• Data:
-*-

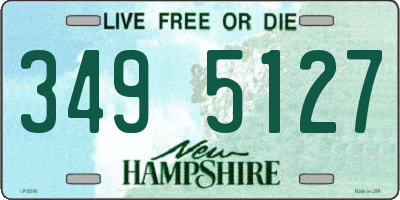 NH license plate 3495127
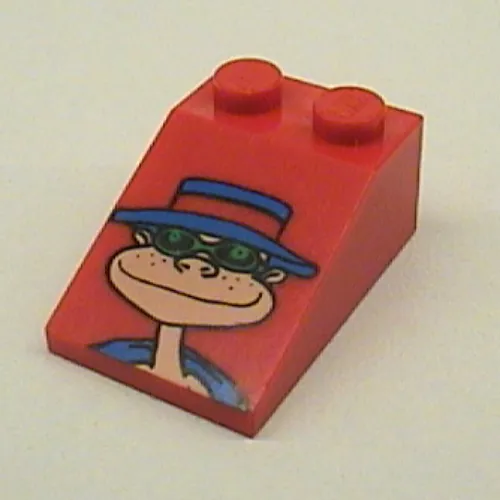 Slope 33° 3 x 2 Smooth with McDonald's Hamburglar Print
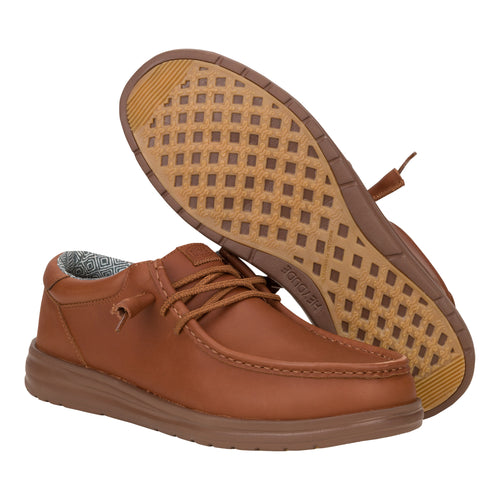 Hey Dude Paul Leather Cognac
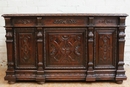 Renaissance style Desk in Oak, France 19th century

-*-

• Work request:
Skip every picture and retype only the lines from the line with "Slope 33° 3" through the last line of the listing, both ends included, exactly as they appear.

• Result of this exercise:
 Slope 33° 3 x 2 Smooth with McDonald's Hamburglar Print
 Hey Dude Paul Leather Cognac
 Renaissance style Desk in Oak, France 19th century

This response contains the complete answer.